# Removing small parts of a screen that were over-exposed



## voyagerclothing (Jul 24, 2015)

I am new to screen printing and just made my first screen, it actually worked pretty well despite making a large mess in my inexperience that I had to clean up. However when I went to wash out the burned image some of the smaller text details didn't wash out fully (even with a lot of prodding) I assume either due to over-exposure or the positive not being black enough in those letter areas to block the light correctly.

My question is, since most of the screen actually looks good, just a few letters, could I take something with a fine point but not too hard, like a toothpick possible, and scrape just the parts of emulsion that didn't clear in those letters without damaging the mesh?
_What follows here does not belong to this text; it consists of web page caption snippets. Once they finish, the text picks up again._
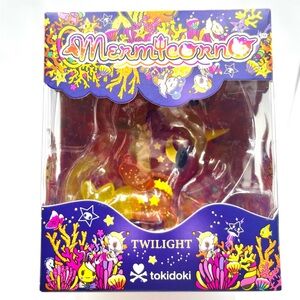 Tokidoki Mermicorno Series 7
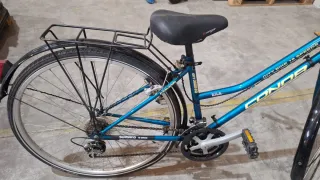 Bicicleta Conor City Bike clásica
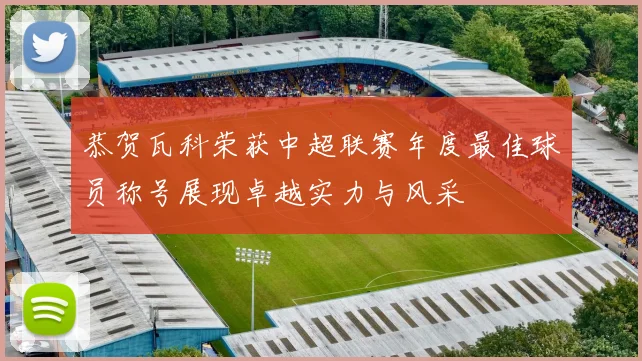 恭贺瓦科荣获中超联赛年度最佳球员称号展现卓越实力与风采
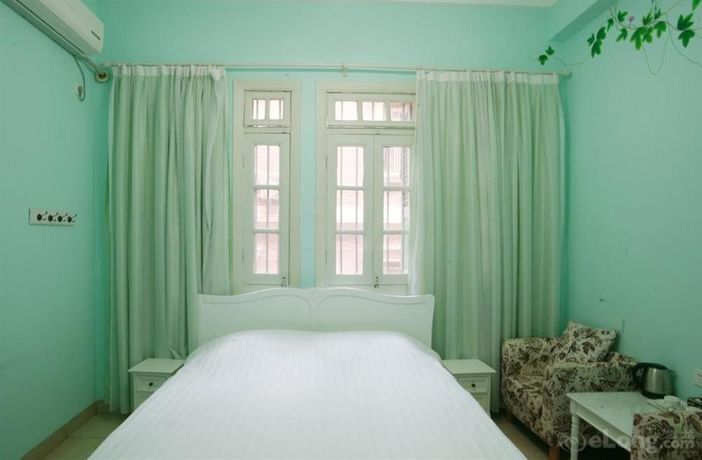 Imagen de la habitación del Hostel Xiamen Gulangyu Islet Banshan Family. Foto 13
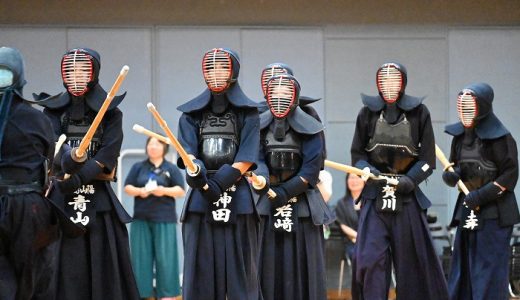 令和８年度体育祭（剣道部）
If it would damage the mesh and ruin the screen, I will probably just deal with it as this isn't a vital part of the printing (just a neck print on the inside for branding) but I would think I could maybe scrape the surface emulsion just a bit in the parts that only half came off to clear up the stencil.
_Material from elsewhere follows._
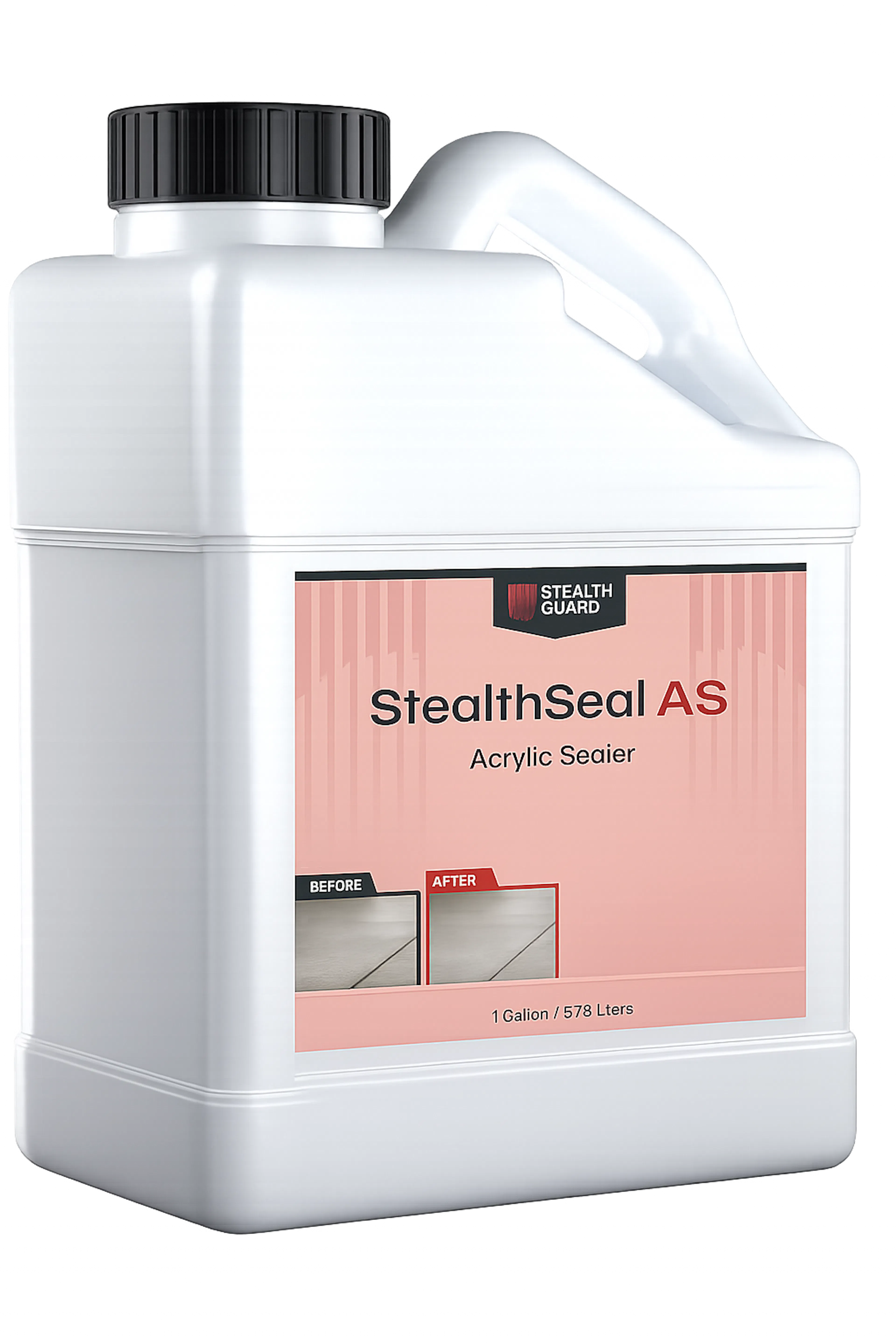 StealthSeal AS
If that isn't a good idea, are there any other options or tips you guys have that may work?

Thanks for your time!


----------



## artlife (Jan 15, 2010)

reclaim the screen and reburn it. Make sure your film or vellum is opaque enough before burning.
To check your film, use a light table.
to make a light table you can have something as simple as a 5-10$ little tube light with switch, in a box under a piece of white (not clear) plastic. It's always a good idea to check your film on a light table before burning.


----------